There's a scene were two characters go to a whorehouse to watch two women as lovers, and they, like the audience, merely watch. And watch sex, and erotic suggestions of sex, in a huge array of situations. Yes, this is intended to work not only as a view of the erotic world of these artist but to be erotic somehow on its own, and yet to avoid being pornography. It got an NC-17 and not an X on purpose.
This is the complicated and taste-driven situation we find ourselves. And so is it any good, is it a "good" movie?

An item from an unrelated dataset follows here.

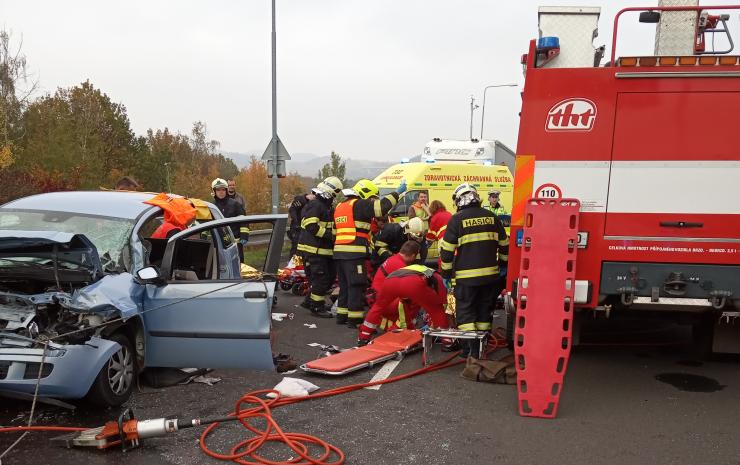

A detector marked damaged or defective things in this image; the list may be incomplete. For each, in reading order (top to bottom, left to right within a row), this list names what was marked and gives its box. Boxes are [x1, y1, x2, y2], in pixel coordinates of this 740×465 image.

broken windshield [0, 208, 134, 270]
severely damaged car [0, 190, 286, 404]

Sometimes very much yes. For one thing, the woman who plays Nin, the Portuguese actress, Maria de Medeiros, is fabulous. She's complex, intriguing, and rather like the appearances we have in photographs of the real Nin. She steals the movie. Certainly the title characters are also meant to be interesting, especially Fred Ward playing Henry Miller, but I found him affected, a little like a dull Peter Falk, meant to be the gauche New Yorker in Paris and working too hard at it. June is played by Uma Thurman and her role is quite small and a bit two-dimensional compared to the others. Brassai? Played by an actor I've never heard of, Artus de Penguern, and we leave it there, even though Brassai's photographs certainly are the basis for some of the key public scenes.
This is a Paris after the Crash, when the economy isn't rosy, when some of the famous 1920s glory with Hemingway and Fitzgerald and Stein has rubbed off (or moved back to America). And Miller, who is a brilliant prose writer ("Tropic of Cancer" really is masterful, style and content both), is living a very low, poor, almost deliberately crude life. He sponges off of his roommate and off of Nin, who has money for everyone it seems, and love for everyone, too.
The movie's largest liberty and most disturbing, is making Nin bisexual when it's been shown pretty thoroughly that she was not. Her affairs, on screen, with several women are utter fiction, and they therefore become a kind of lesbian showmanship pandering to a male movie audience, which I think is fair enough in some contexts but a bit dishonest and self-serving here. It made me hate other aspects of the movie, too, like the use of Brassai's flash powder when the photo (shown in black and white) is clearly not shot with flash.
So you have to get back to where we started--enjoying being there, not worrying that there is no plot, but joining in, vicariously, in a loose, fun, sexually liberated underground of Paris before the Nazis put an end to even that.